• [WHAT IS EXPECTED]:
Only the lines from the one containing "GRAPE CANDY ARTIFICIALLY" through the end of the entries are wanted, retyped exactly and without pictures.

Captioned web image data
----

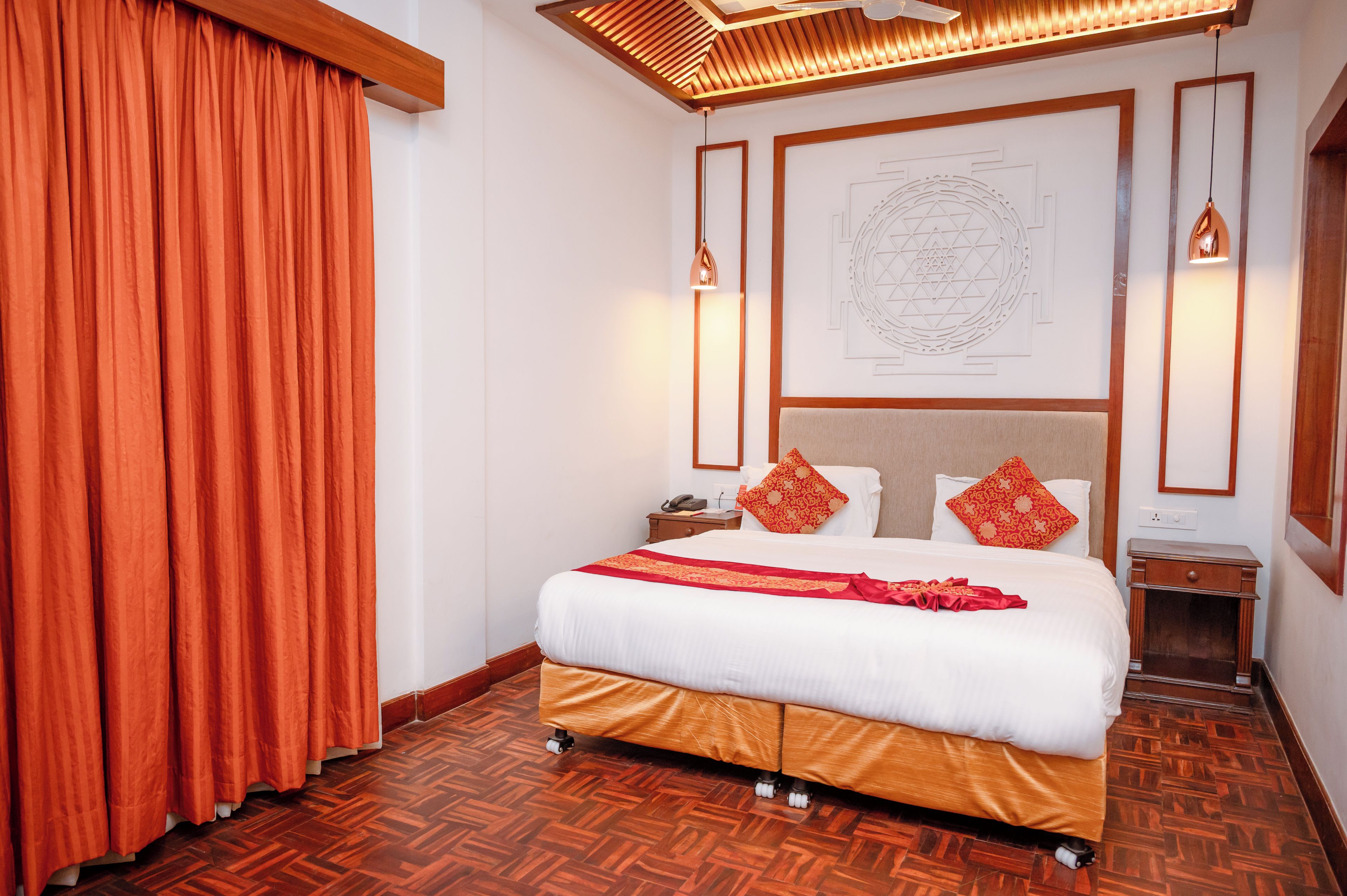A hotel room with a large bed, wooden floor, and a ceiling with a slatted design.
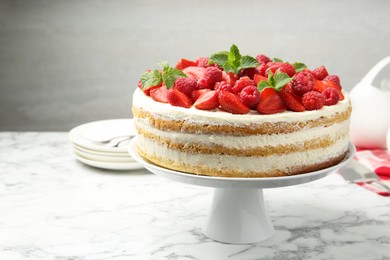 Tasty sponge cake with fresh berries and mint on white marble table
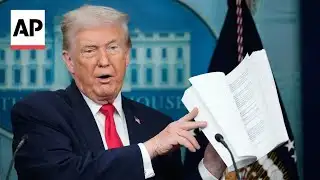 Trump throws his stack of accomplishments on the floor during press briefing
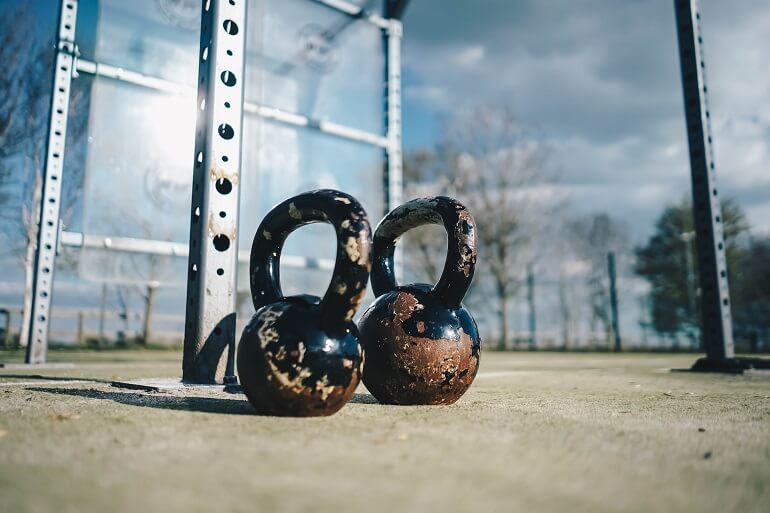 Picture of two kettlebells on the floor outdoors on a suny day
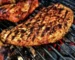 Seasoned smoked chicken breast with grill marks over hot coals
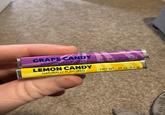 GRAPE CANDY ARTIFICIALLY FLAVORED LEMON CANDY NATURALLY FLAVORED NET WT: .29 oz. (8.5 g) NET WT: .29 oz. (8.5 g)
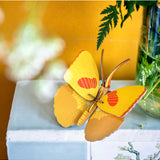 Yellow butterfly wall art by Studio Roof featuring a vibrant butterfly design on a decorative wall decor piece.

----

• [WRITTEN REPLY]:
 GRAPE CANDY ARTIFICIALLY FLAVORED LEMON CANDY NATURALLY FLAVORED NET WT: .29 oz. (8.5 g) NET WT: .29 oz. (8.5 g)
 Yellow butterfly wall art by Studio Roof featuring a vibrant butterfly design on a decorative wall decor piece.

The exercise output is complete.